Analytics/Data access guidelines

From Wikitech
tl;dr

What is considered “sensitive data”? Any data or sets of data that is either covered by one of our privacy policies (e.g. [1], [2], [3]), can be used to identify a particular user, or where the public release would likely cause reputational damage to the WMF.

Can I download sensitive data to my laptop? No, not without approval from Analytics and Security.

Can I share sensitive data with someone who isn't under NDA? No. See guidelines for public release before sharing data with anyone who is not under NDA.

Can I share non-sensitive data publicly? Yes, but the data must be reviewed by Analytics, Legal, and Security.

Is it ok to store sensitive data on Toolforge or Cloud VPS? It is never ok to store sensitive data on Toolforge or Cloud VPS.

Is it ok to send sensitive data via email? No, never.

Is it ok to share data if I anonymize it? Anonymizing data is hard to do right, so no. Anonymization does not work in the event of a linkage attack, the more public data there is, the easier a linkage attack is.

Do I need special permissions to access sensitive data? In general, getting access requires that you are under a nondisclosure agreement (NDA), have manager approval, and undergo a standard review period. Other requirements may apply.

This is a reference guide for new and existing staff members and contractors who are under a nondisclosure agreement and work with sensitive data. This document describes data access generally, although your department or team may have more explicit policies and guidelines in addition to these.

These guidelines will help prevent unauthorized users from gaining access to sensitive data. Additionally, if you have access to sensitive data, you need to take extra care with your own security to prevent someone from impersonating you to access data.

“Sensitive data” in this context refers to data governed explicitly by the WMF's privacy policy or donor privacy policy, data or data sets of data that can be combined to identify a particular user, or any data where its public exposure would likely cause harm to a user or reputational damage to the WMF. A non-exhaustive list of sensitive data includes,

  • IP addresses and User Agent strings
  • Information about donors or donations
  • Search or browsing history of a particular user
  • Reading history of particular users, article content from private wikis, password hashes

Executive summary

  • Do not share any data externally without first receiving approval from your department's privacy contact, Security, and Legal.
  • We have six primary categories of sensitive data:
    • request logs, and derivative datasets;
    • event logs;
    • operational logs;
    • private application data;
    • fundraising data;
    • survey data.

In general, getting access requires that you are (1) under a nondisclosure agreement (NDA), (2) have manager approval, and (3) undergo a standard review period (as explained below). Other requirements below may apply.

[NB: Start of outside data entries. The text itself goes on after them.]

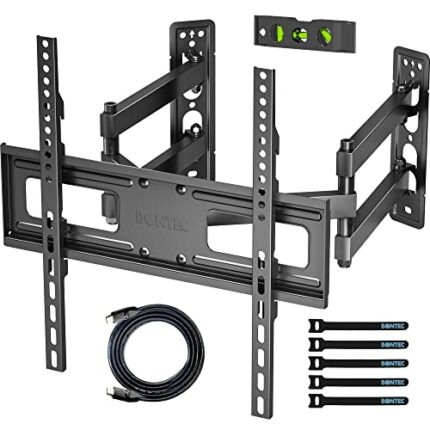 BONTEC Corner TV Wall Mount Bracket for 26-50 inch LED LCD Flat Curved TVs, Tilt Swivel Extendable Full Motion TV Bracket with Dual Articulating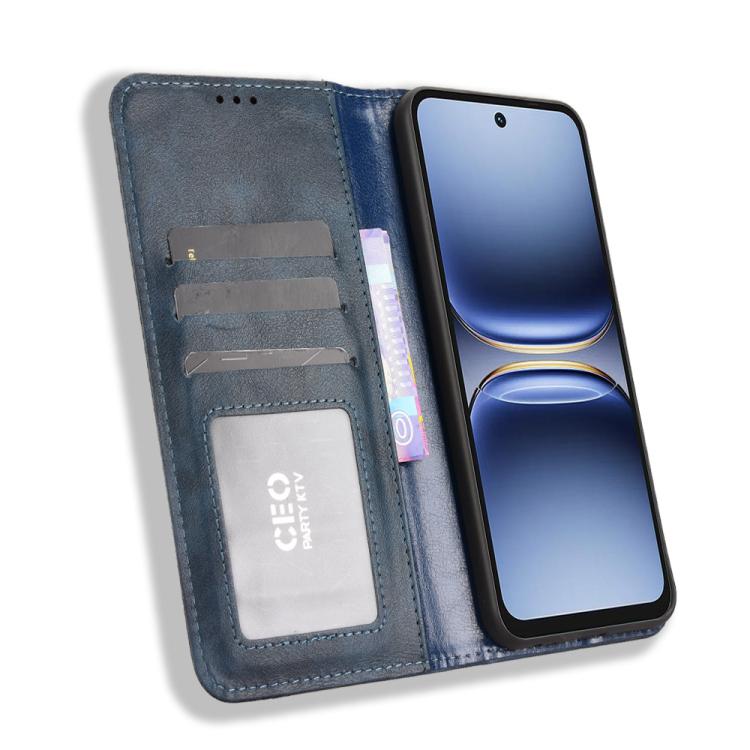 For Tecno Spark 40 4G Magnetic Buckle Retro Texture Leather Phone Case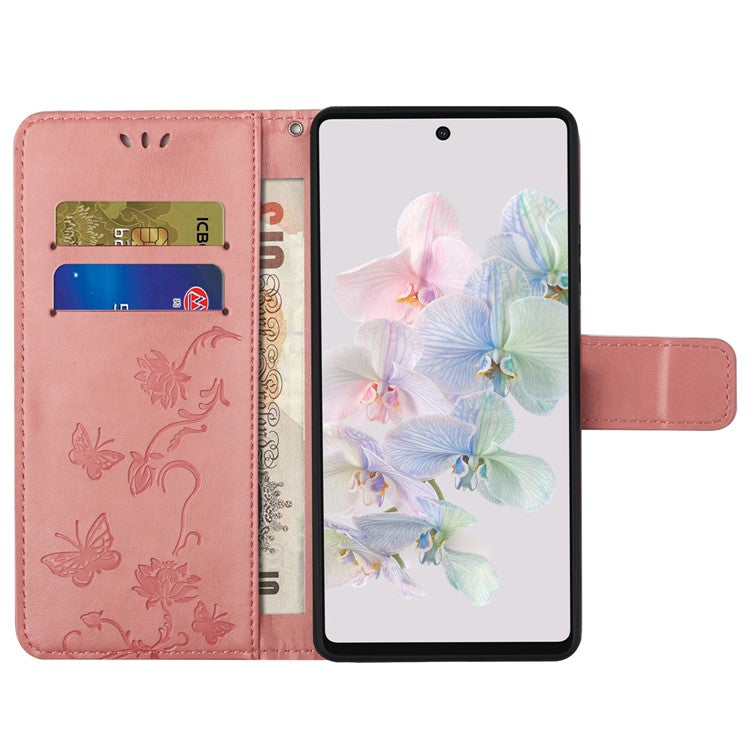 For Google Pixel 7a PU Leather Wallet Phone Case Imprinted Butterfly Flower Pattern Magnetic Closure Stand Flip Cover with Strap - Pink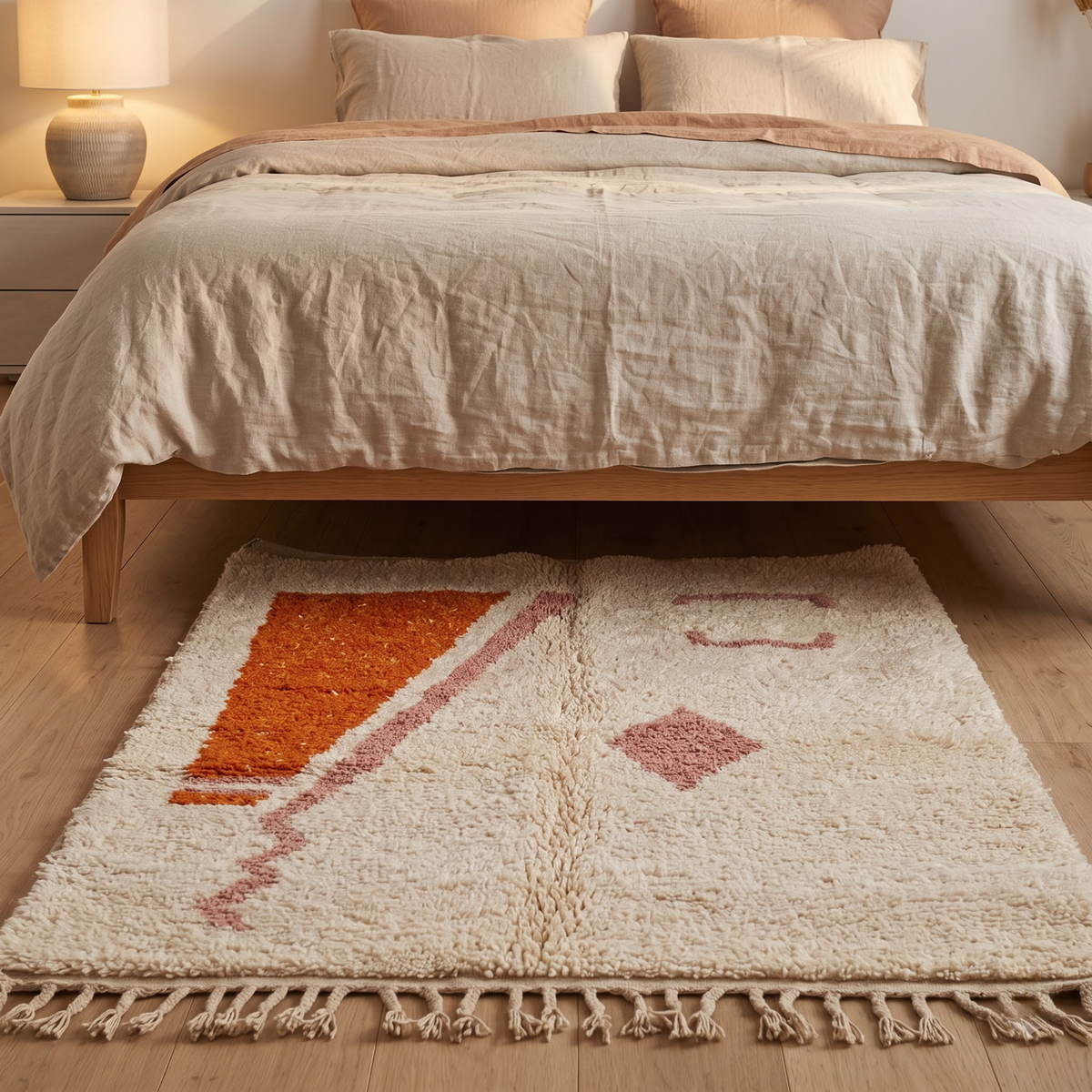 Handmade Moroccan Wool Rug Minimalist Azilal Style | Abstract Geometric Motifs in Terracotta & Dusty Pink Atlas Carpet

  • To share and move data internally, you must transfer the data through one of the Wikimedia servers via SSH. Do not transfer data through any other means. Do not transfer data to anyone not covered by an NDA. There are additional requirements below for transferring sensitive data.
  • To share and move data externally, you must ensure data is free of sensitive information. Doing this well is difficult as the data in question can be recombined with data from other datasets (linkage attack), so both the data release process and example results should be reviewed thoroughly.

Data sources

This section describes the internal data sources that contain potentially sensitive data.

Request logs

Request logs are logs of every HTTP or HTTPS request made to a Wikimedia site. We store a complete log of web requests inside the Analytics network.

To access a machine that has a connection to the Analytics cluster, you must first connect to our network, which requires you to have a private SSH key that has been authorized by the Analytics Operations team.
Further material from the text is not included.